Deborah shrugged fretfully and turned over to go back to sleep.

Rebekah lay down on her bed and stared upward into the darkness above her. Everything had worked out after all. She had figured out a way to serve God and still keep the family safe and Father happy. The curse of being pretty and having a rich father wasn't so bad if you were also smart enough to figure things out.

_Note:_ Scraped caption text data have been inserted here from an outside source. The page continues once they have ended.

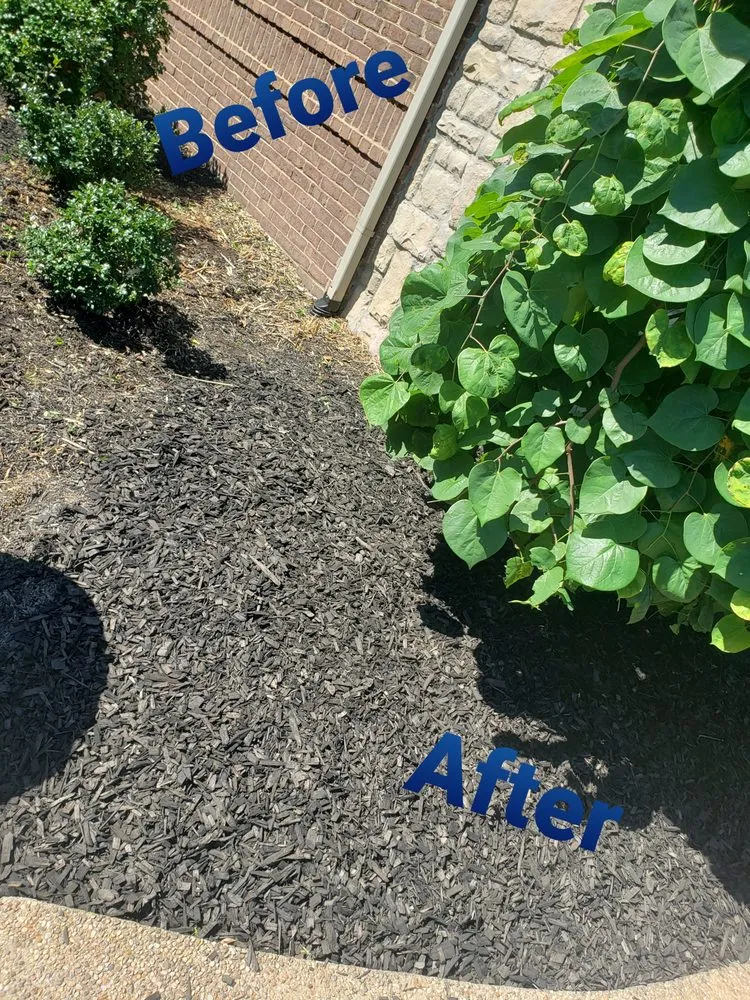 Top-rated yard cleanup service in Lexington, KY by Silva's Landscaping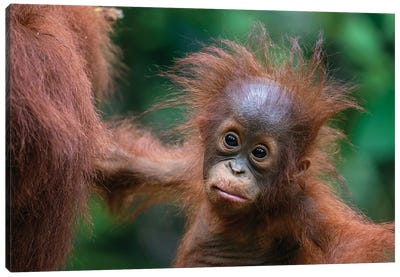 Orangutan Baby Wild Hair Day Canvas Art Print - Orangutan Art
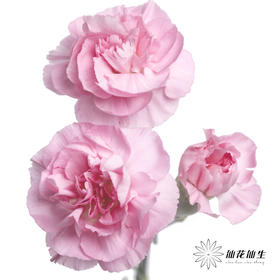 多头康乃馨 | 珍珠粉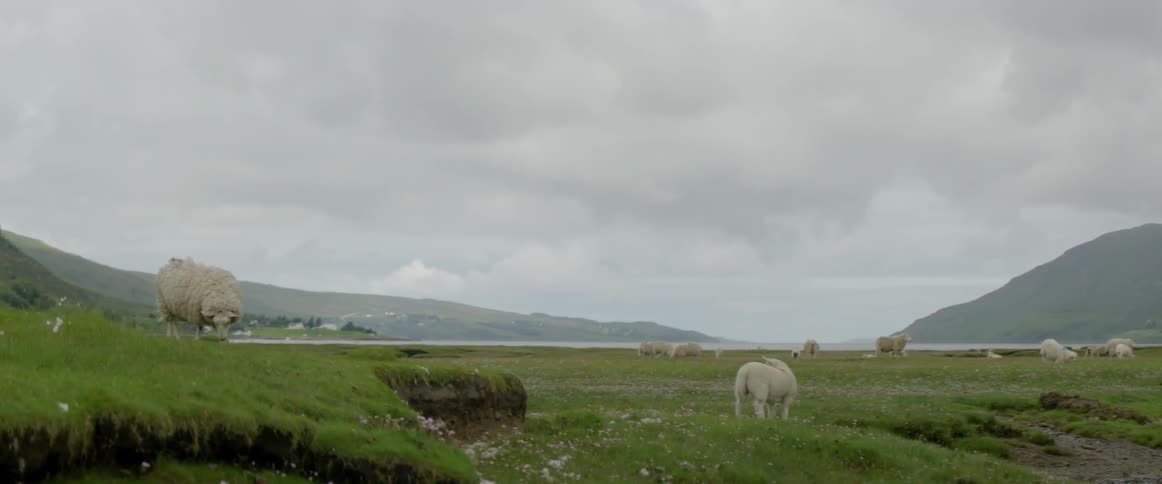 A couple of sheep are standing in a lush green pasture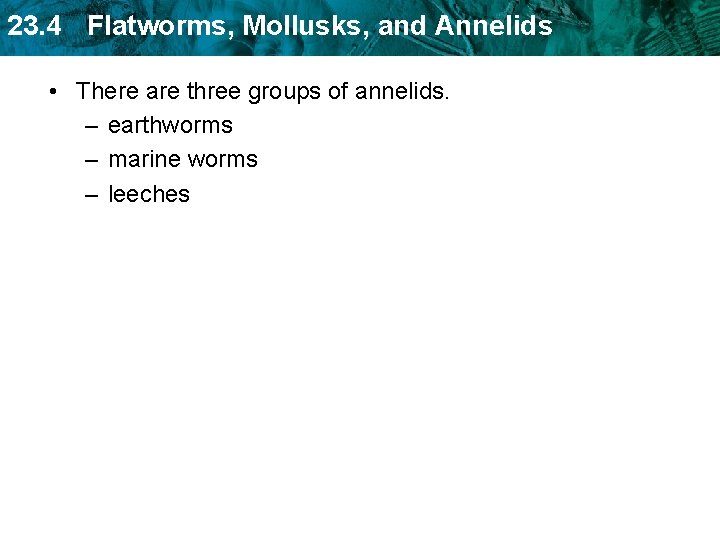 23. 4 Flatworms, Mollusks, and Annelids • There are three groups of annelids. –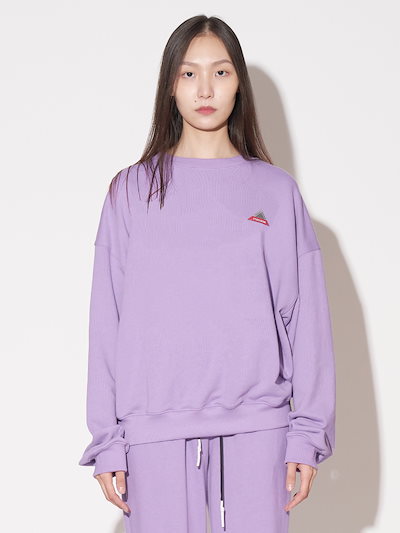 レア】新品 辻 修窯 盛り付け皿 風に揺れる 野の花 平皿 サイン 日本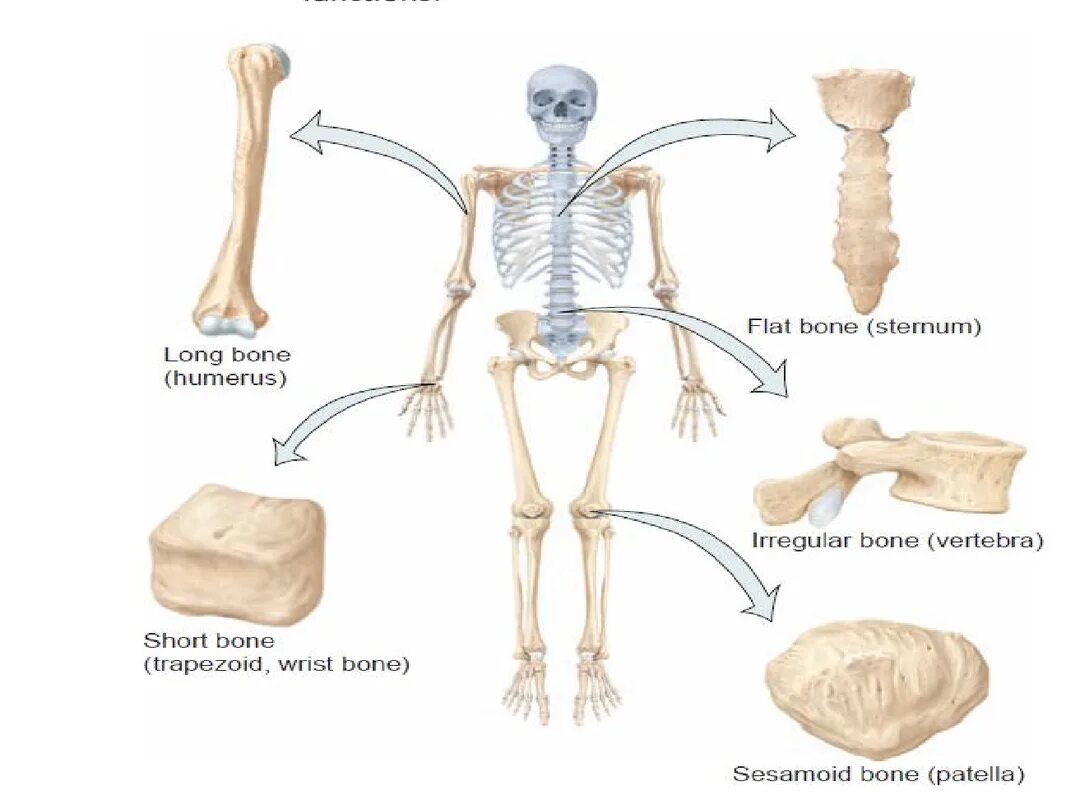 Костная система. Types of Bones. Классификация костей человека. Металлические кости человеческие.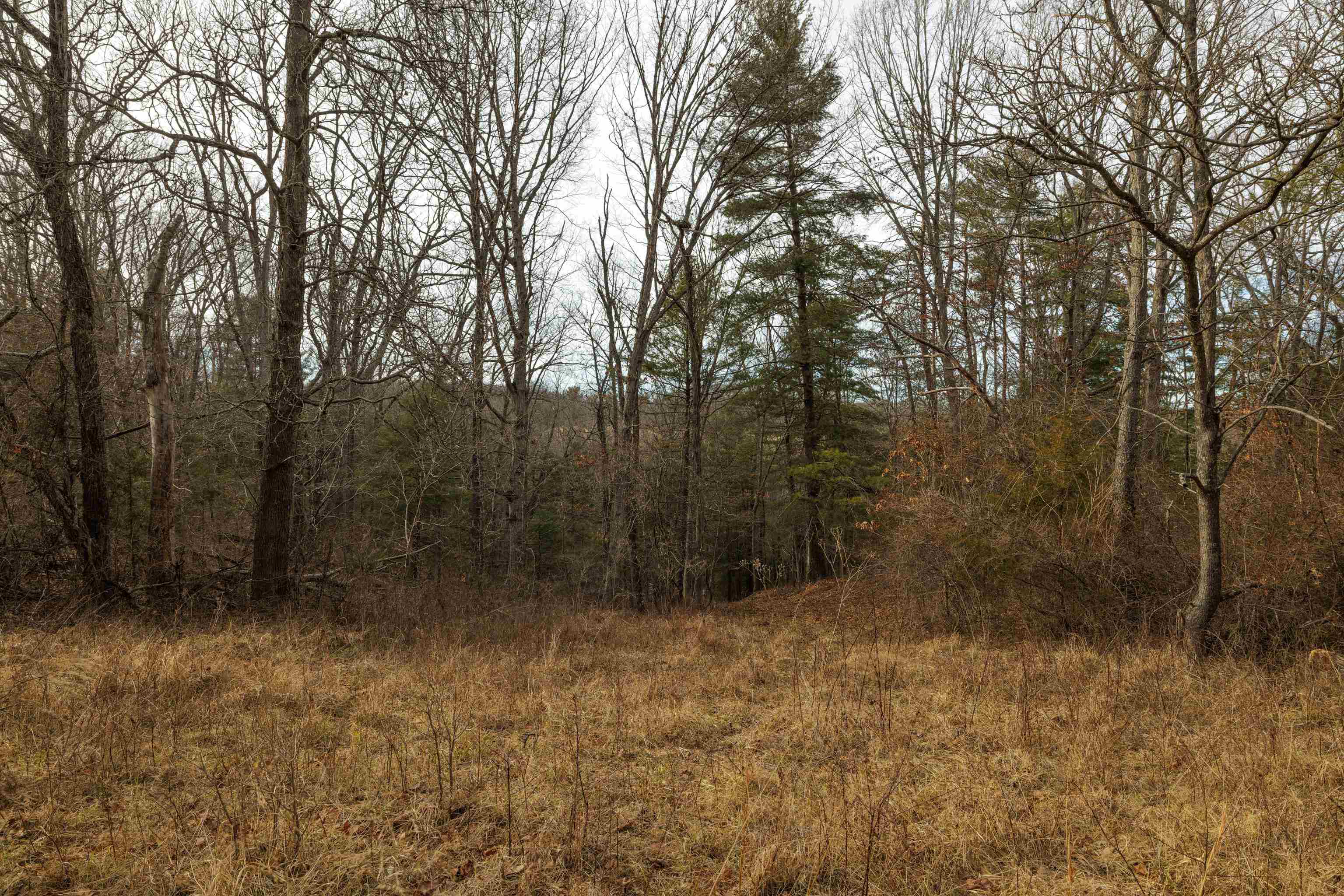 577 HAMMOND LN, STAUNTON, Virginia 24401, ,Land,577 HAMMOND LN,673745 MLS # 673745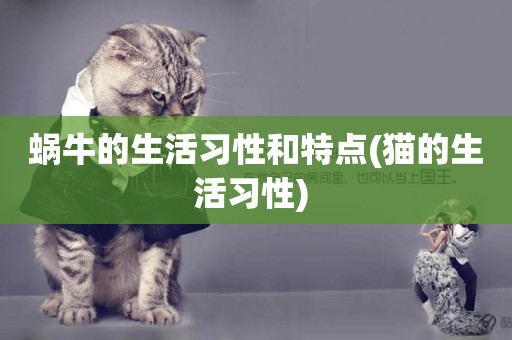 蝸牛的生活習性和特點(貓的生活習性) 
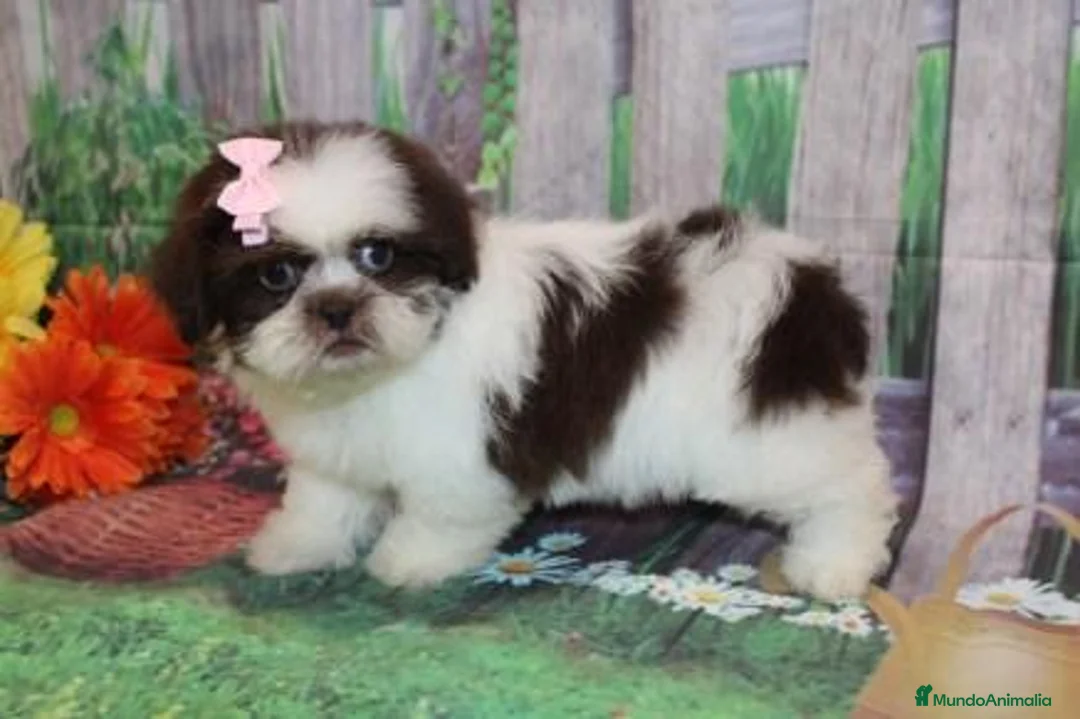 Shih Tzu perros en venta: SHIH TZU EN CATALUÑA  - Anuncio 3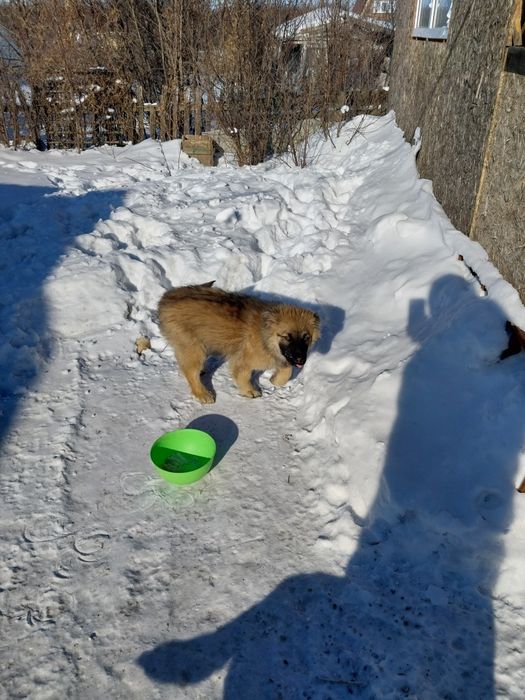 Щенят отдам в добрые руки!
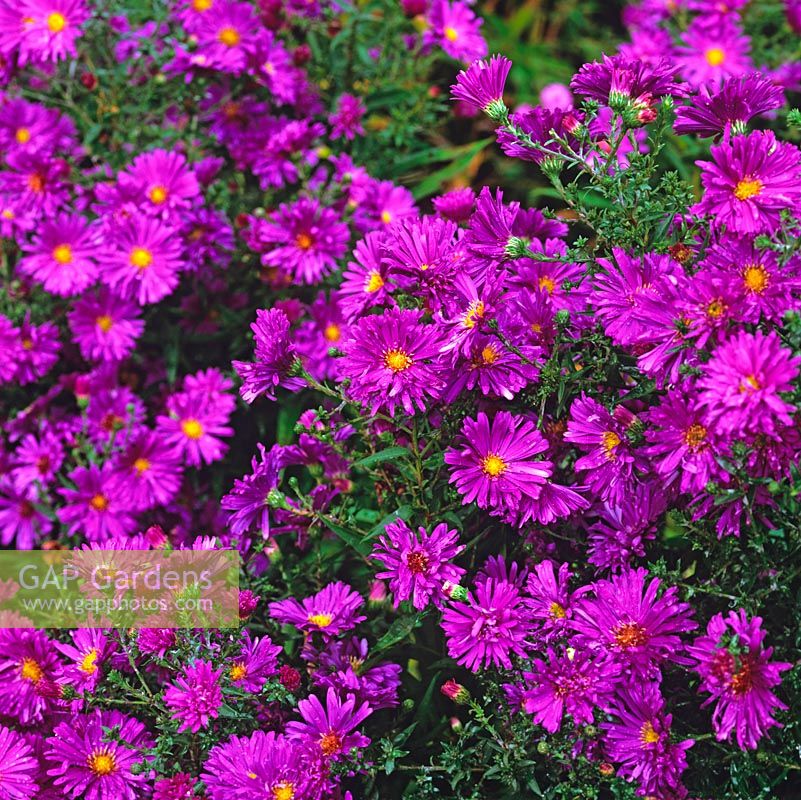 Aster novi-belgii 'Blauglut', National Collection of autumn-flowering asters.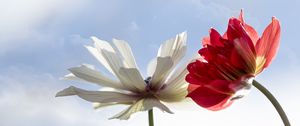 Preview wallpaper kosmeya, flower, petals, macro, sky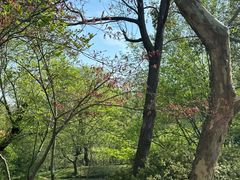 -宜兴龙背山森林公园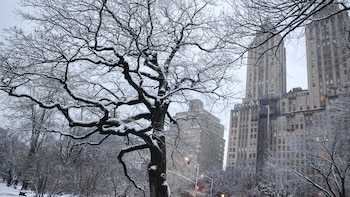 Nueva York se alista para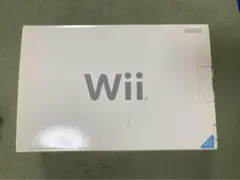 Nintendo Wii 本体 追加ケーブル、コントローラー付き 任天堂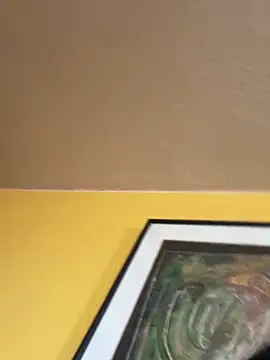 Noviostoxico online show from December 4, 2025, 2:05 pm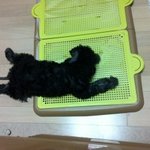 베들링턴 테리어 바니를 소개합니다^^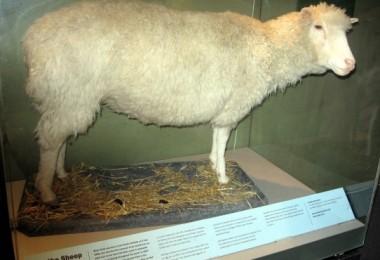 1996 gadā zinātniekiem Skotijā... Autors: augsina (stulbā)aita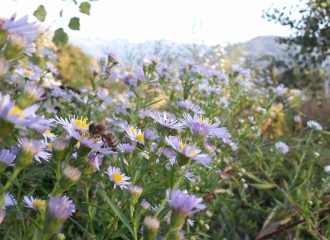 Beebenapiculture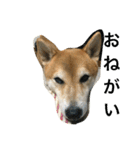 柴犬タケルの挨拶（個別スタンプ：30）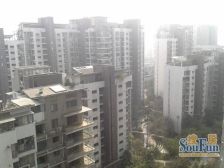 优品道一期 3室2厅 南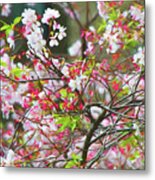 Spring Blossoms Metal Print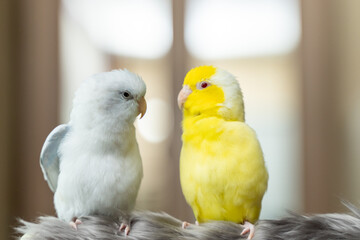 Tiny parrot parakeet white and yellow Forpus bird Pacific Parrotlet rest on branch.
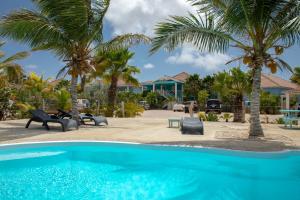 a swimming pool with chairs and palm trees at Ocean Blue Bonaire in Kralendijk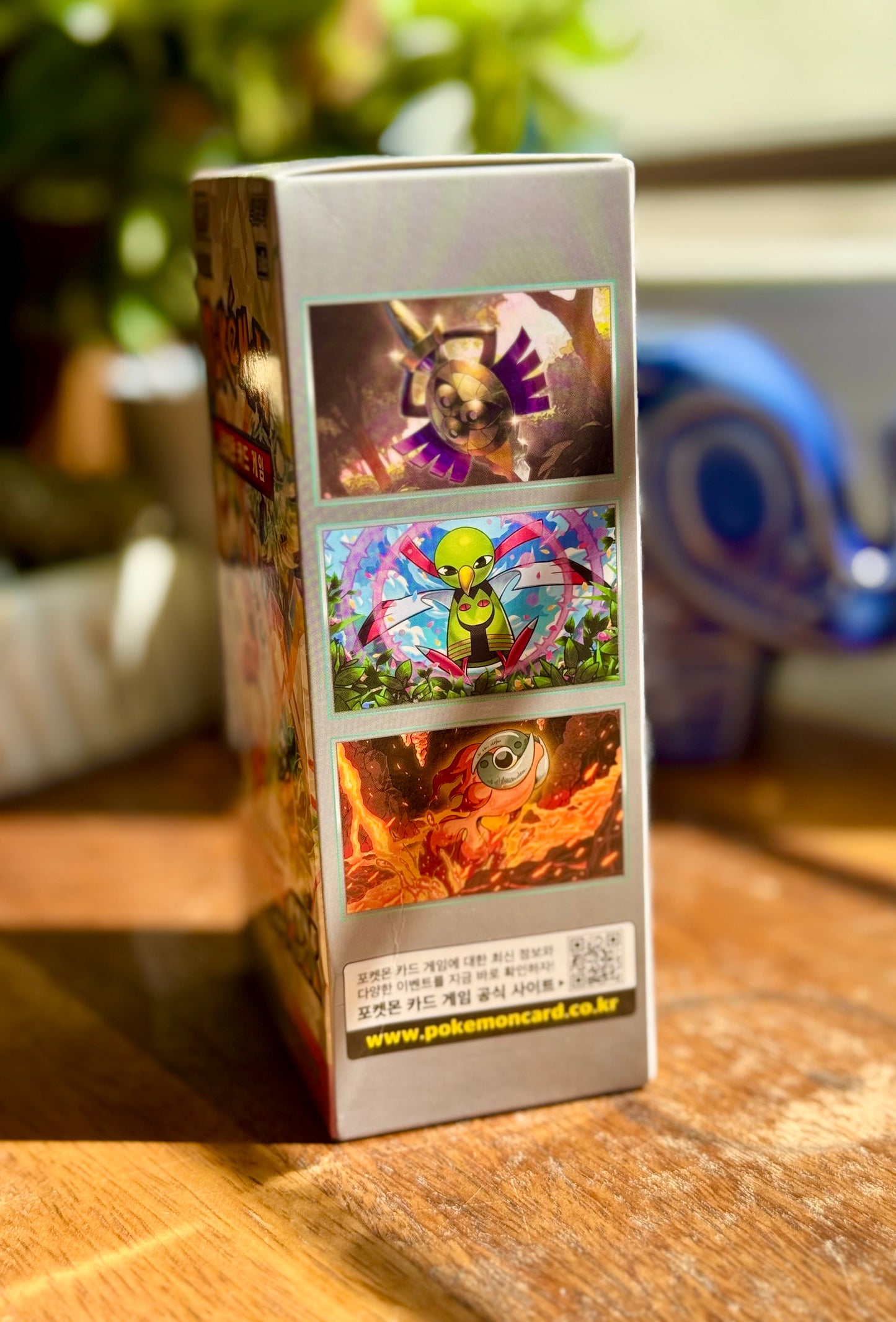 Terastal Festival KR - Booster Box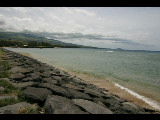 20040317-113955.jpg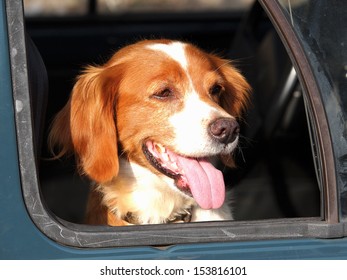 Dog Looking From The Old Car Window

She was just dozing off with these thoughts spinning in her mind when all at once she realized what she was actually saying. At once she leapt from her bed and knelt in the tent, looking upward toward heaven. "O Lord," she said, softly and miserably, "is there anyone more foolish and ungrateful than I am? All this was thy doing, and not my own at all. Thou gavest me the courage to say no to the marriage, and thou didst soften the hearts of my father and Pillel so they could hear me. Surely the plan that came into my mind was also thy gift, and here I was being proud that I was so clever. Forgive my unworthiness, Lord, forgive me and please, please keep making things work out right. Please make it so Ezbaal doesn't get angry, and please don't make Father marry Akyas if she would be awful to him or something. Because if somebody has to be unhappy, let it be me, and not Father."

She wasn't sure if her prayer made up for her vanity a moment before, but she couldn't think of anything else to say, so she lay back down and, after a while, slept.